Summary of my research

Modern SoCs use dynamic voltage and frequency scaling (DVFS) to save power by scaling both the voltage and frequency according to CPU demand. However, the effectiveness of current power management techniques are limited by the following.

1) DVFS: shared voltage across multiple cores/IP blocks (Figure 1)
2) DVFS: slow voltage scaling time (Figure 2)
3) Power Gating: slow to turn on from off-state, lose data when powered off

Fig 1. Per-core voltage reduces wasted energy due to shared voltage

One way to enable per-core voltage control is to use multiple off-chip switching DC-DC converters, but the bulk of off-chip components make this solution expensive.

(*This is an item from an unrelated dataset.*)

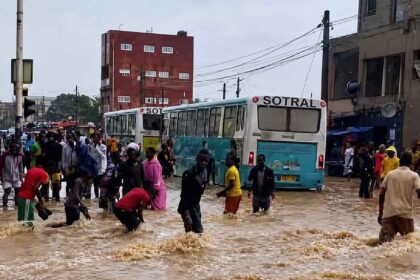 Inondations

Instead, we propose to design voltage regulators small enough to integrate on the same die as the SoC. Multiple integrated voltage regulators (IVR) can be duplicated for per-core voltage control. IVRs offer 20ns/V voltage scaling time, which is 500x faster than the 10us/V of conventional off-chip DC-DC converters, enabling fast, per-core DVFS. This allows the SoC to reduce the voltage during relatively short time periods, i.e. ~200 cycles while waiting for a L2 cache miss to return, or boost the voltage to speedup the execution of critical sections.

Fig 2. IVRs enable 20ns/V voltage scaling, which is 500x faster than conventional 10us/V scaling, to reduce wasted power.

To maximize the benefits of IVRs, it is critical to minimize conversion loss and on-die area overhead while providing a wide range of output voltage for DVFS. Linear regulators incur larger conversion loss as output voltage is reduced for DVFS. Widely used buck converters (inductor-based) require large inductors, which is especially problematic for on-die integration. We presented a 3-level IVR that enables a smaller on-chip spiral inductor (1nH) compared to a buck converter [ISSCC '11].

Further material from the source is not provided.